Modi ha anche detto che le due parti hanno iniziato a lavorare su un centro di formazione militare congiunta Kirghizistan-India nella Repubblica del Kirghizistan.
Modi ha anche sottolineato in materia di cooperazione economica bilaterale che lui e il presidente Atambaev hanno concordato sulla necessità di collegare le economie «per rafforzare gli scambi bilaterali e i legami economici, e favorire maggiori scambi tra i popoli (…) Incoraggeremo industria e imprese su entrambi i lati a svolgere un ruolo di primo piano nello sfruttamento di opportunità nel settore sanitario, turismo, informatica, agricoltura, minerario ed energetico».

«Daremo particolare attenzione agli scambi di giovani nel nostro programma di cooperazione tecnica ed economica con la Repubblica del Kirghizistan.
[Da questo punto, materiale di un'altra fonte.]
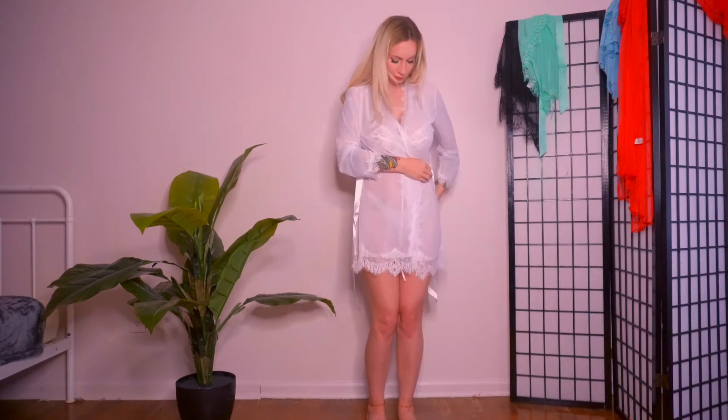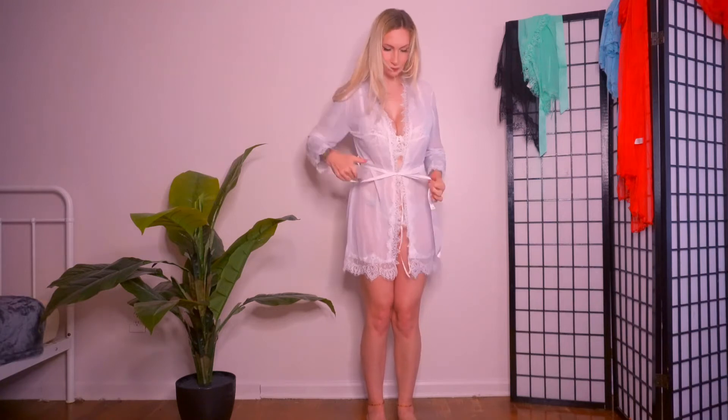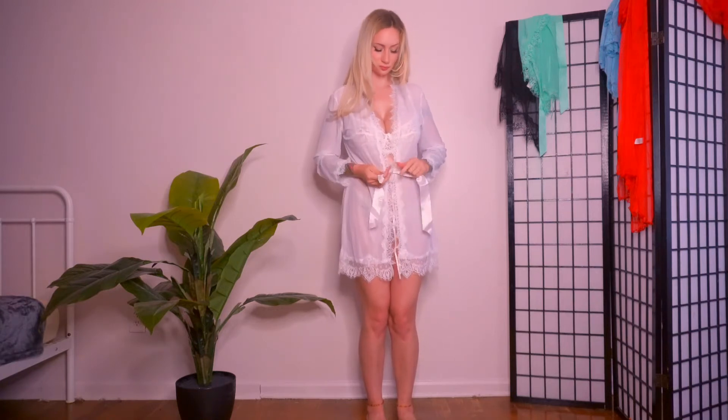This is our third robe and it is a white sheer robe, and again these sleeves are super short as well, so I'm starting to think that I just have like monster long arms.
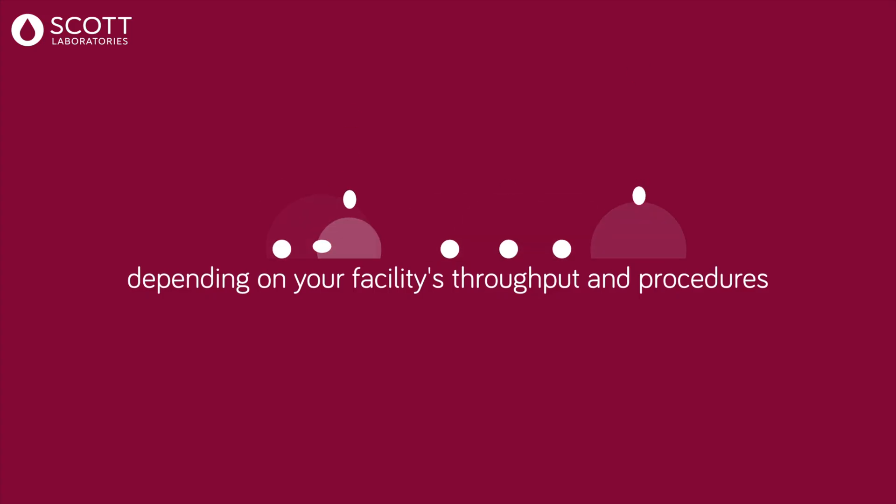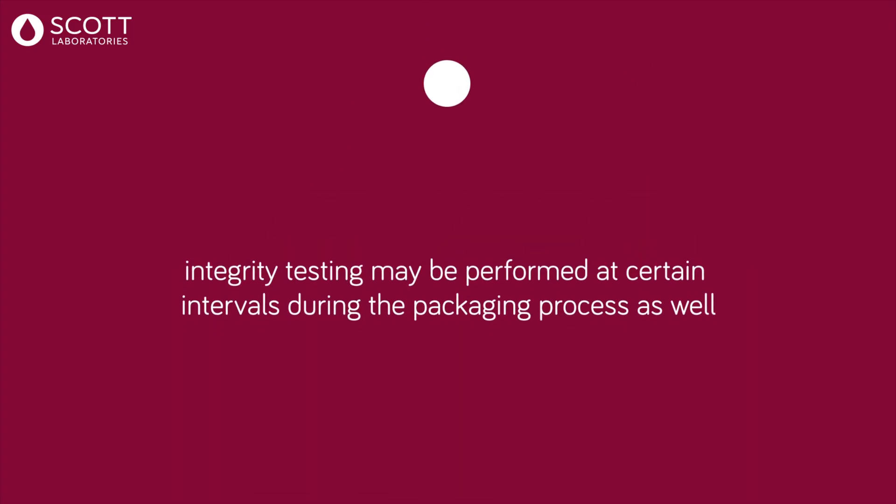Integrity tests should be performed prior to packaging to ensure the cartridge is working and again after packaging to confirm the cartridge worked the entire time. However, depending on your facility's throughput and procedures, integrity testing may also be performed at certain intervals during the packaging process.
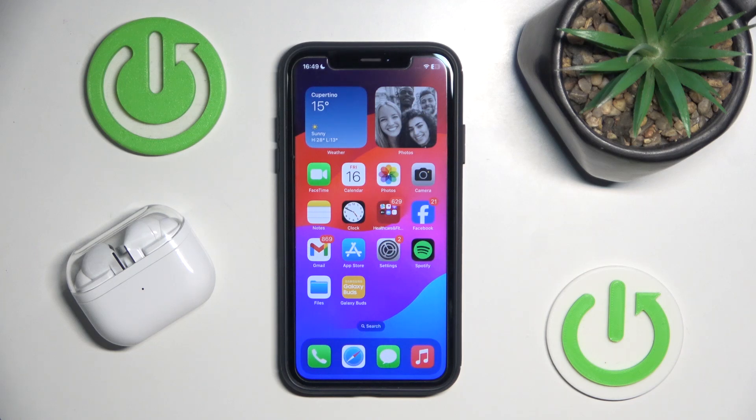Hello everybody and welcome. In this video I will show and tell you if your Samsung Galaxy Buds 3 Pro is compatible with iOS.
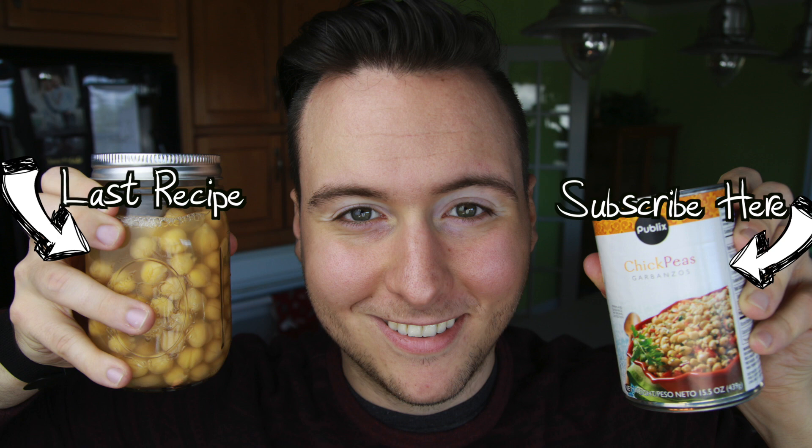Make sure to subscribe, like this video, and check out my other videos. Thank you guys so much for watching, and as always, have a wonderful day.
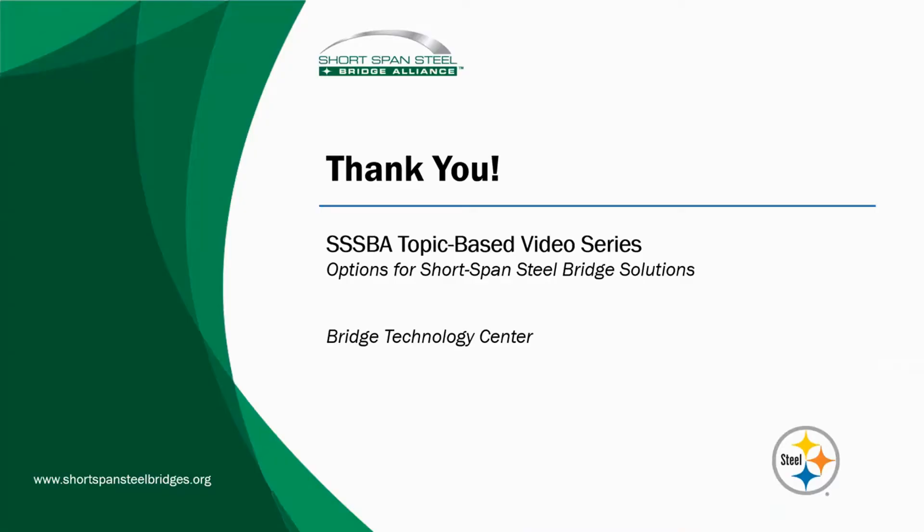This concludes the video on options for short-span steel bridge solutions. We hope you found it informative and look forward to having you join us in the next video. Thank you for your time.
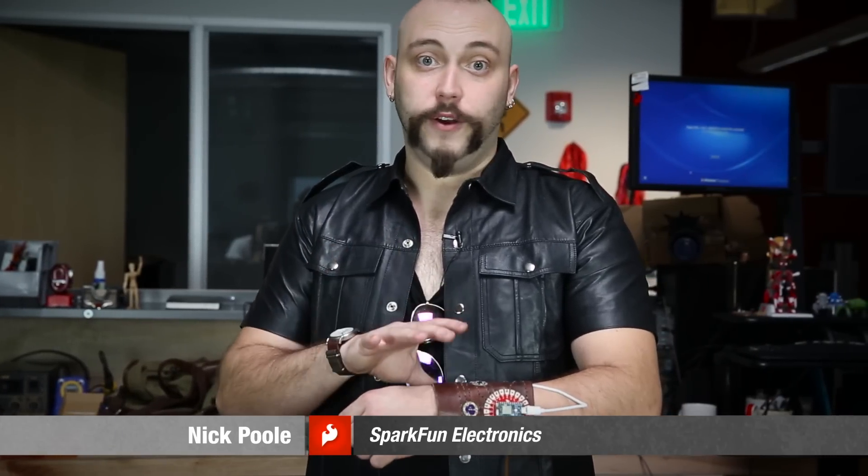Here I've built a wireless activity tracker that you can wear on your arm, based on the Particle Photon. I use the Particle Photon because it makes it easy to send sensor data to the internet.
Le intese concluse oggi sosterranno la nostra spinta in questa direzione»
Atambayev ha annunciato la creazione di un fondo di kirghizo-indiano per incoraggiare gli affari di entrambi i paesi; perché in fondo i due paesi noverano soddisfatto di quanto c’era oggi.
Modi e Atambayev hanno sottolineato l’importanza di approfondire la cooperazione tra i due paesi in ambito internazionale e hanno chiesto misure per affrontare le sfide poste dal terrorismo e l’estremismo nel mondo. Le due parti hanno firmato sei accordi, e un trattato bilaterale di investimento per promuovere una maggiore impegno economico.